What should governments do to help the disadvantaged in society? Yet even this presupposes the more fundamental question of who are the disadvantaged?

Part of the project is to come to understanding of disadvantage, and the ways in which life can go badly. The ‘capability view’ advocates that there are roughly ten major categories of functioning, and that the good life is one which involves representation from all of these categories. These include life, bodily health (often interpreted as access to healthcare) bodily integrity- not being subject to attack on leaving the house- sense, imagination, thought, (linked to education), autonomy, control over environment (including political power), and perhaps, somewhat controversially, leisure time.

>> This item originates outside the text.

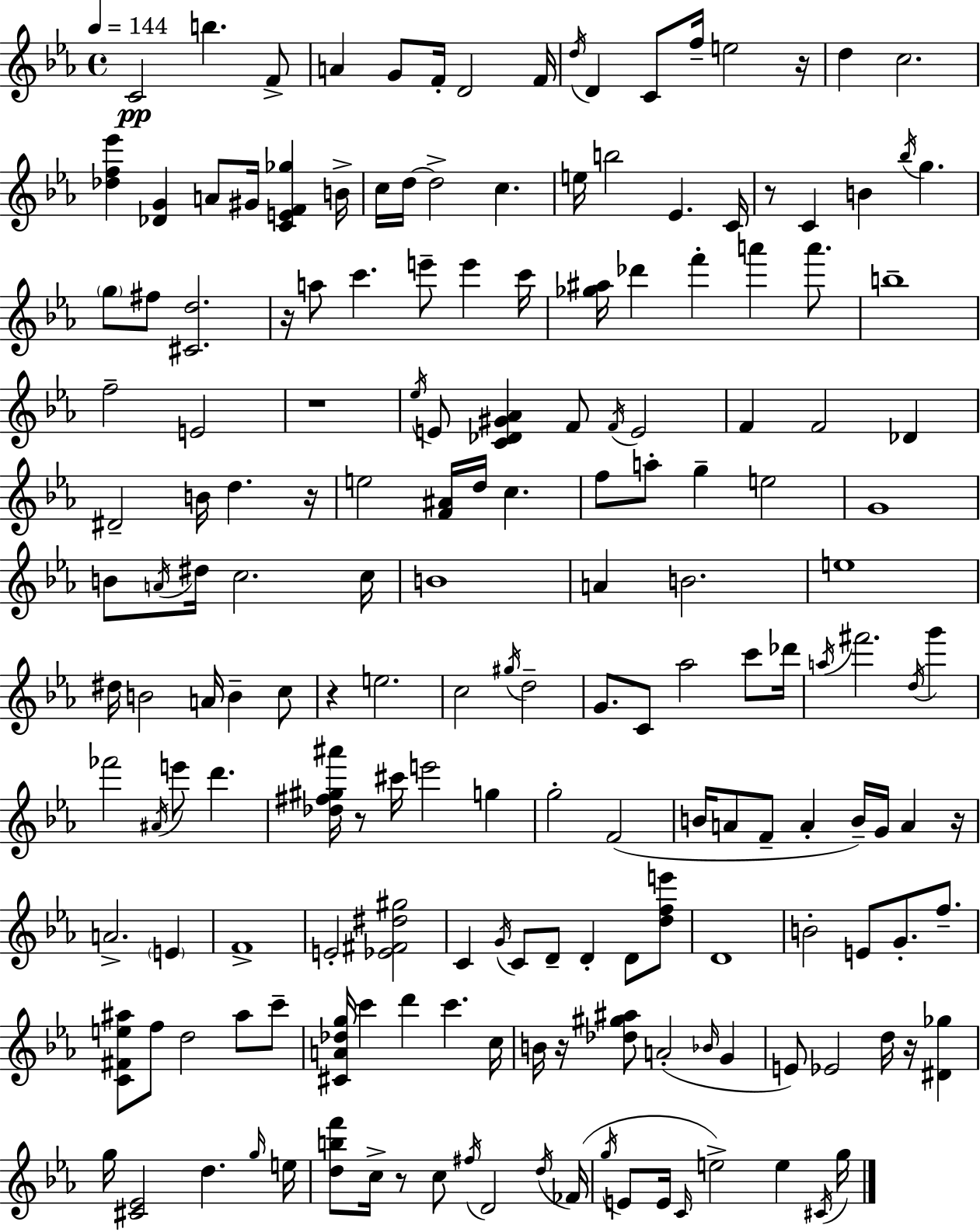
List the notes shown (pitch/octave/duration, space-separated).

C4/h B5/q. F4/e A4/q G4/e F4/s D4/h F4/s D5/s D4/q C4/e F5/s E5/h R/s D5/q C5/h. [Db5,F5,Eb6]/q [Db4,G4]/q A4/e G#4/s [C4,E4,F4,Gb5]/q B4/s C5/s D5/s D5/h C5/q. E5/s B5/h Eb4/q. C4/s R/e C4/q B4/q Bb5/s G5/q. G5/e F#5/e [C#4,D5]/h. R/s A5/e C6/q. E6/e E6/q C6/s [Gb5,A#5]/s Db6/q F6/q A6/q A6/e. B5/w F5/h E4/h R/w Eb5/s E4/e [C4,Db4,G#4,Ab4]/q F4/e F4/s E4/h F4/q F4/h Db4/q D#4/h B4/s D5/q. R/s E5/h [F4,A#4]/s D5/s C5/q. F5/e A5/e G5/q E5/h G4/w B4/e A4/s D#5/s C5/h. C5/s B4/w A4/q B4/h. E5/w D#5/s B4/h A4/s B4/q C5/e R/q E5/h. C5/h G#5/s D5/h G4/e. C4/e Ab5/h C6/e Db6/s A5/s F#6/h. D5/s G6/q FES6/h A#4/s E6/e D6/q. [Db5,F#5,G#5,A#6]/s R/e C#6/s E6/h G5/q G5/h F4/h B4/s A4/e F4/e A4/q B4/s G4/s A4/q R/s A4/h. E4/q F4/w E4/h [Eb4,F#4,D#5,G#5]/h C4/q G4/s C4/e D4/e D4/q D4/e [D5,F5,E6]/e D4/w B4/h E4/e G4/e. F5/e. [C4,F#4,E5,A#5]/e F5/e D5/h A#5/e C6/e [C#4,A4,Db5,G5]/s C6/q D6/q C6/q. C5/s B4/s R/s [Db5,G#5,A#5]/e A4/h Bb4/s G4/q E4/e Eb4/h D5/s R/s [D#4,Gb5]/q G5/s [C#4,Eb4]/h D5/q. G5/s E5/s [D5,B5,F6]/e C5/s R/e C5/e F#5/s D4/h D5/s FES4/s G5/s E4/e E4/s C4/s E5/h E5/q C#4/s G5/s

As an extension, risk and vulnerability are relevant. It matters not simply what an individual is capable of in the short term but what can be sustained over the future. Take
two people- both on the same income- where one has a permanent job, and the other although earning similar wages, has no job security, and cannot safely assume he will have work in the near future. The fact that employment is insecure with the latter means one is clearly disadvantaged relative to the other. The consequence could be insecurity, opting to undertake significant risks, or not engaging fully- i.e. not being willing to start a family, or take out a mortgage- for fear of breaking the bank in the absence of a reliable income. So the thesis depends on fact that you are disadvantaged when you are forced to take risks.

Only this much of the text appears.